VPE hardware 230 services requests from driver input buffer 221 one at a time in the order received. After processing of each request, VPE hardware 230 issues a call-back function (Processing Done) to VPE driver 220 indicating the end of processing function. The resulting processed data is stored and serialized in driver output queue 222. FIG. 2 illustrates an example driver output queue 222 including three buffers R1 to R3. VPE driver 220 in turn notifies application 210. This notification is generally via an interrupt. In the prior art such an interrupt occurs once per submission. The overhead of each request includes time to change a channel from user mode to driver mode. Overhead can occur during submission of a request to VPE hardware 230 and during processing. Overhead becomes significant in VPEs 115 or processors 135 that run at high clock rates such as 75 mega pixels per second to 250 mega pixels per second.
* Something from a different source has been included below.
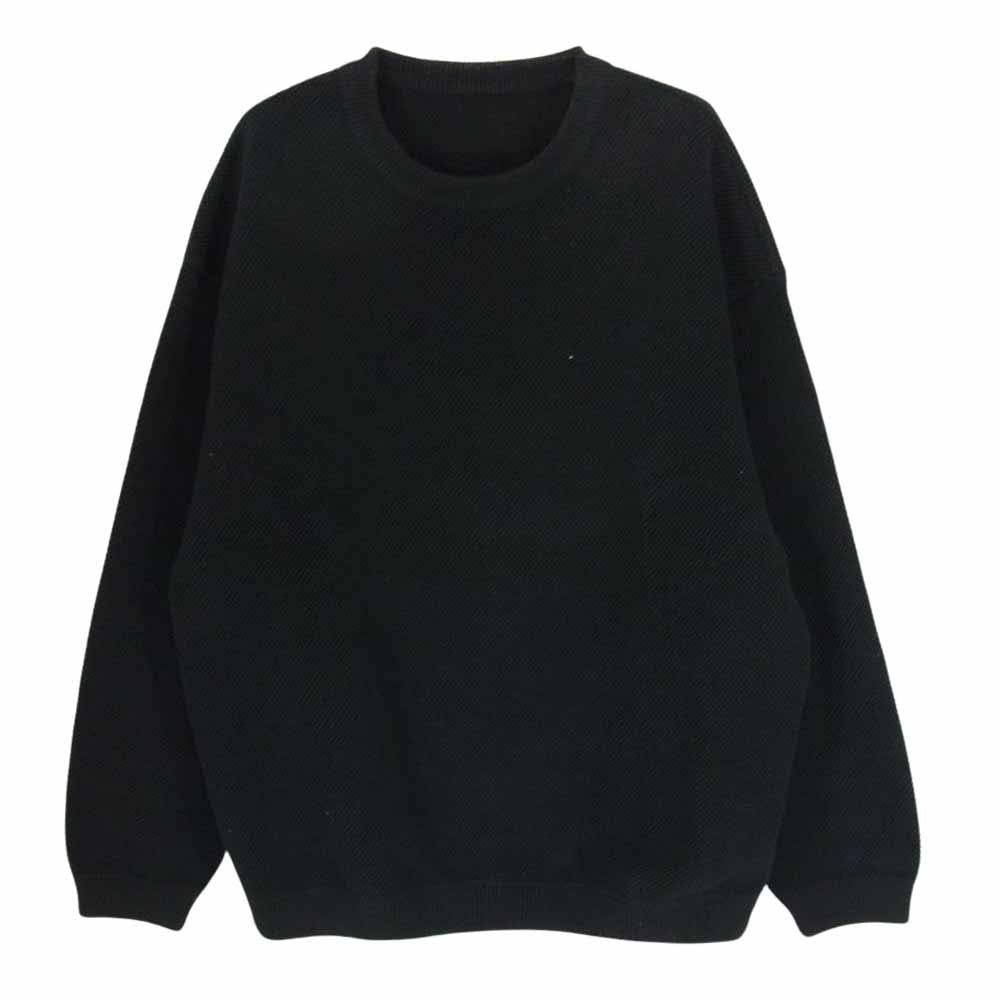 crepuscule クレプスキュール 1803-001 MOSS STITCH P/O モス ステッチ クルーネック ニット ブラック系 1【中古】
FIG. 3 illustrates the overhead of the prior art. FIG. 3 is divided into three parts: application 310; driver/kernel space 320; and hardware 330. These three parts correspond to application 210, driver 220 and VPE hardware 230 illustrated in FIG. 2. FIG. 3 further illustrates operation timing.

Application 310 issues request R1 at time T0 311 to driver/kernel space 320. Referring back to FIG. 2, the request is transferred from queue 211 of application 210 to driver input queue 221 of driver 220. At time T1 321 driver/kernel space 320 communicates a data processing request and the necessary data to hardware 330. Referring back to FIG. 2, the request is transferred from driver input queue 221 of driver 220 to VPE hardware 230. Hardware 330 is initially idle during an interval 331 before receipt of the data processing request. As a result of this request, hardware 330 is busy during an interval 332 performing the requested operation.
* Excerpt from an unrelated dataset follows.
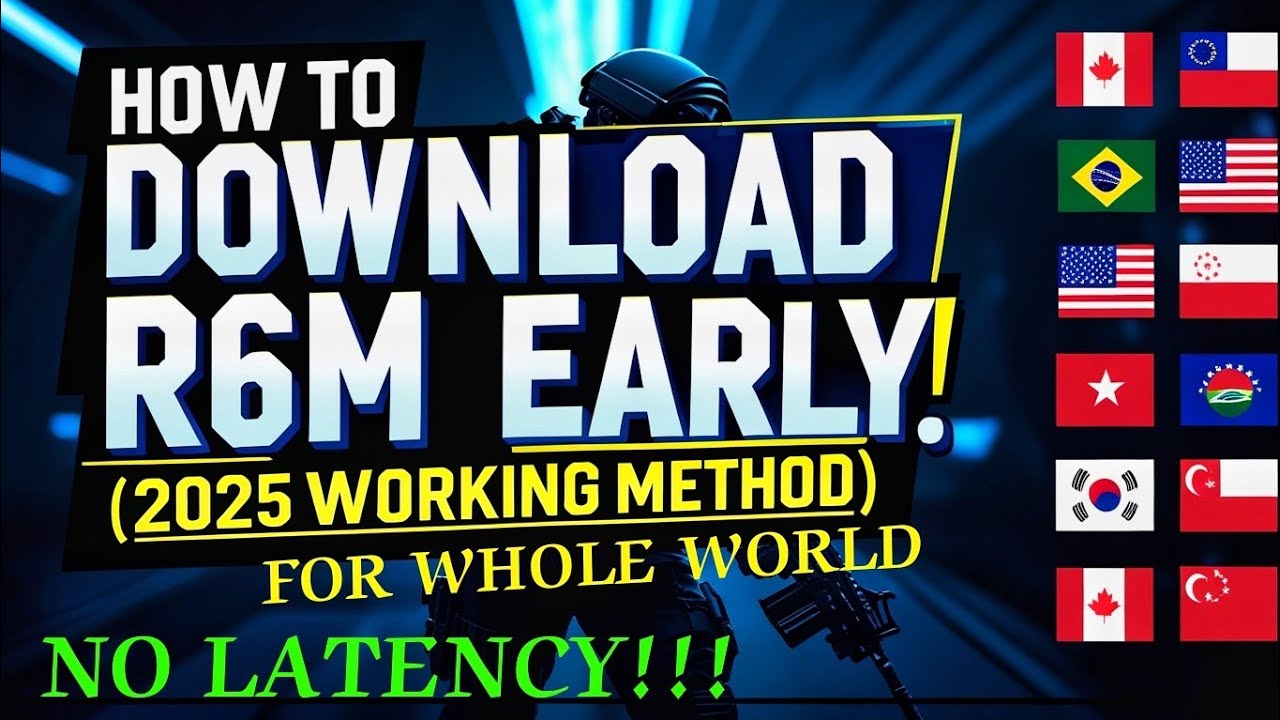 HOW TO DOWNLOAD R6M EARLY! (2025 Working Method)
At the end of busy interval 332 at time T2 322, hardware 330 produces the results of the first request. Hardware 330 communicates to driver/kernel space 320 at time T3 323. Driver/kernel space 320 communicates these results back to application 310 at time T5 313.
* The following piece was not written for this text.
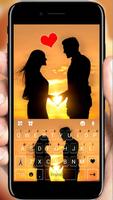Тема для клавиатуры Sunset Lov постер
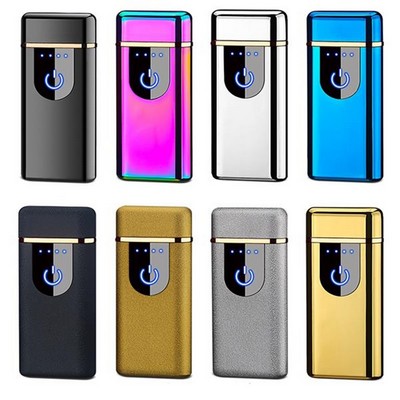 "Rechargeable USB Arc Lighter - Stylish and Flameless Ignition"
During the resulting time, at time T0+T 313 application 310 issues another request R2 to driver/kernel space 320. Driver/kernel space 320 cannot immediately supply this request to hardware 330 because hardware 330 is busy with the prior request. Driver/kernel space 320 communicates a data processing request and the necessary data to hardware 330 at time T4 324. Hardware 330 is initially idle during an interval 333 between completion of processing of the first request R1 at time 322 and receipt of the next data processing request at time T4 324. As a result of this request, hardware 330 is busy during an interval 334 performing the requested operation. At the end of busy interval 334 at time T6 325, hardware 330 produces the results of the second request. Hardware 330 communicates to driver/kernel space 320 at time T7 326. Driver/kernel space 320 communicates these results back to application 310 at time T9 314. Following completion of servicing the second request R2, hardware 330 is idle during an interval 335.

The time to complete N requests by the VPE is given by:

N*(T_s+T_h)

where: T_sis the time for software overhead which is T_sa+T_sd; T_sais the application to driver overhead; T_sdis the driver overhead; and T_his the actual hardware processing time.

FIG. 4 illustrates a system overview of a video processing engine (VPE) driver in accordance with one embodiment of this invention. This system includes application 410, driver 420 and VPE hardware 430. These parts operate similarly to application 210, driver 220 and VPE hardware 230 illustrated in FIG. 2 except as noted below. VPE driver 420 permits application 410 to submit N multiple requests at a time. As illustrated in FIG. 4 the requested processes include de-interlacing, scaling/resizing and previewing. As noted above the requested process may include noise filtering. Each submission may include M multiple frames belonging to different channels. Each channel may have a different set of parameters to be operated by VPE 115. In the preferred embodiment the value of M varies from 1 to 64. In other embodiments, the value of M may be greater than 64.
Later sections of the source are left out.